Please return exactly the lines below that run from the line with "Zdravotničtí záchranáři pořádali" through the end of the listing, both included, but not the pictures.
****************
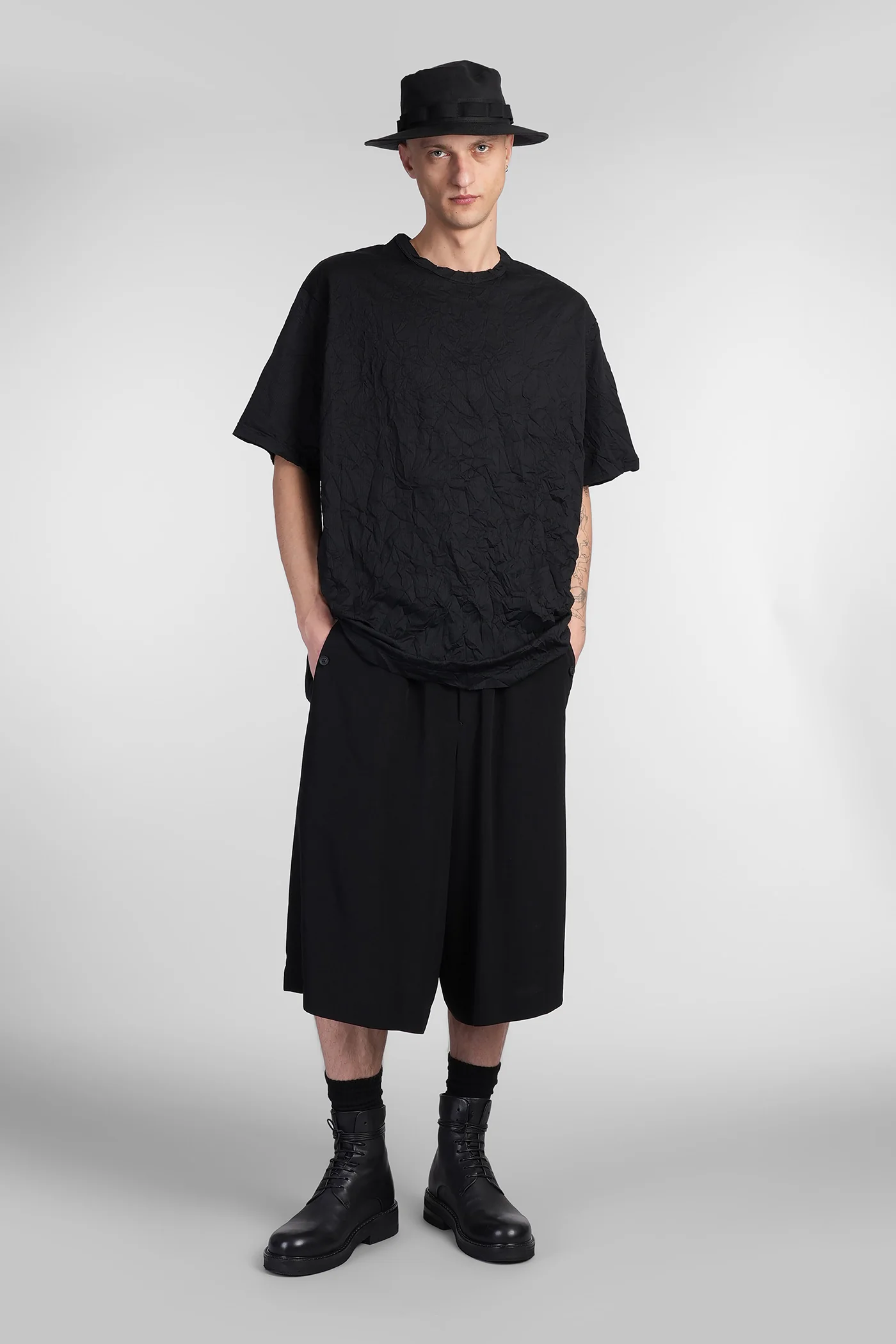 T-Shirt in black cotton - Image 2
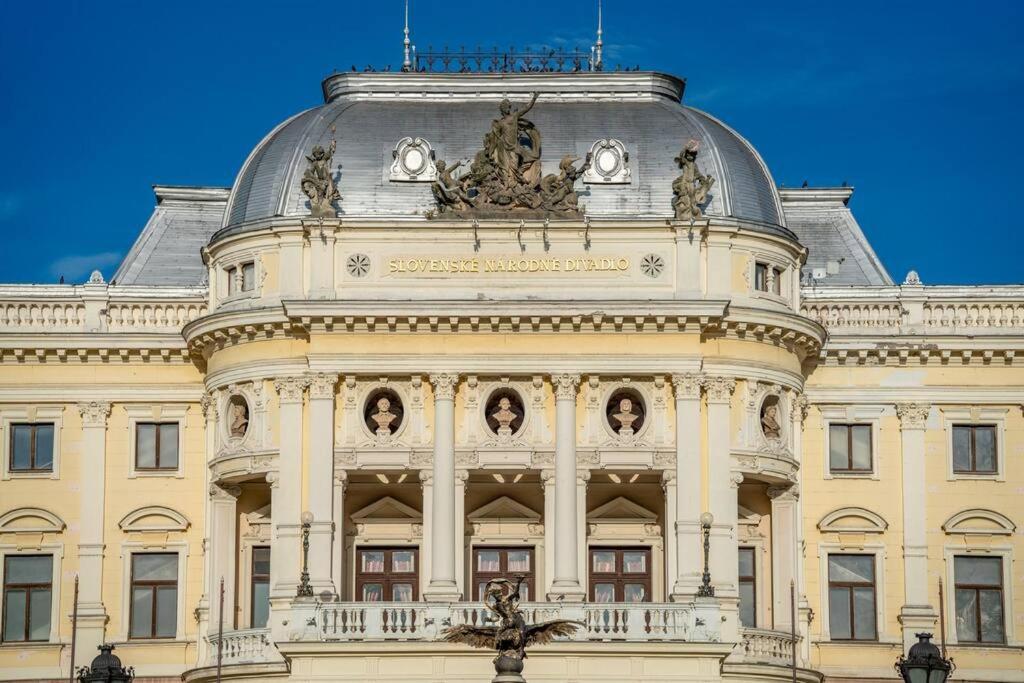 Sukromny Staromestsky Apartman V Uzasnej Lokalite/Cozy Old-Town Apartment In A Great Neighborhood 布拉迪斯拉发 外观 照片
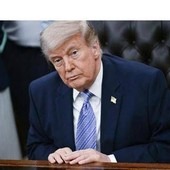 Trump deve togliere il suo nome dal Kennedy Center, la decisione del giudice Trump deve togliere il suo nome dal Kennedy Center, la decisione del giudice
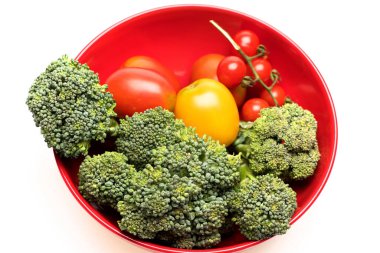 Kasede sebze kompozisyonu. Brokoli, kırmızı ve sarı domatesler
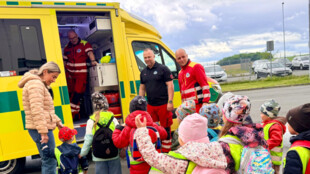 Zdravotničtí záchranáři pořádali na svých základnách Den otevřených dveří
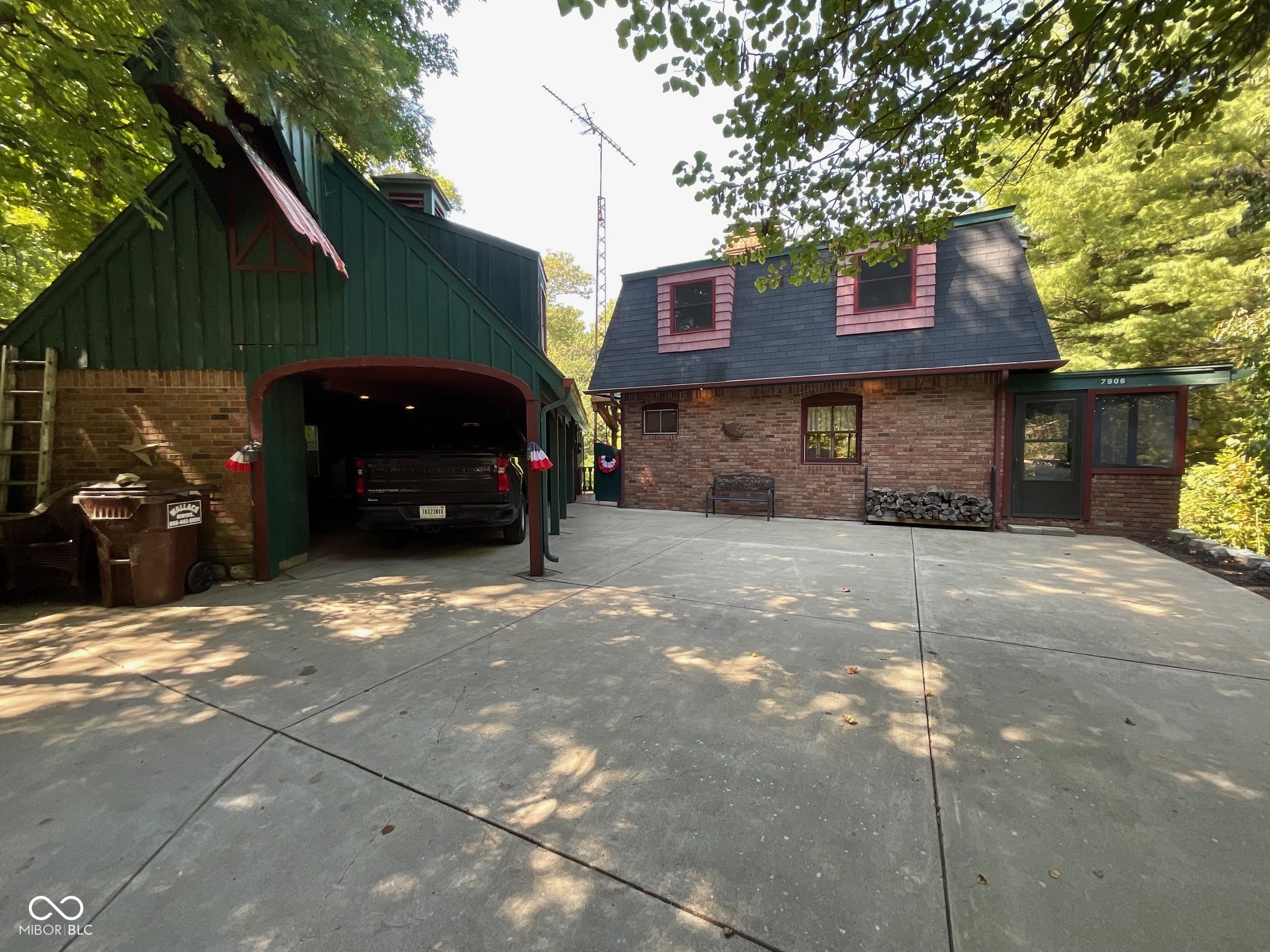 Rockville, Indiana, 47872, United States, 4 Bedrooms Bedrooms, ,2 BathroomsBathrooms,Residential,For Sale,1981136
****************
#### Written solution
 Zdravotničtí záchranáři pořádali na svých základnách Den otevřených dveří
 Rockville, Indiana, 47872, United States, 4 Bedrooms Bedrooms, ,2 BathroomsBathrooms,Residential,For Sale,1981136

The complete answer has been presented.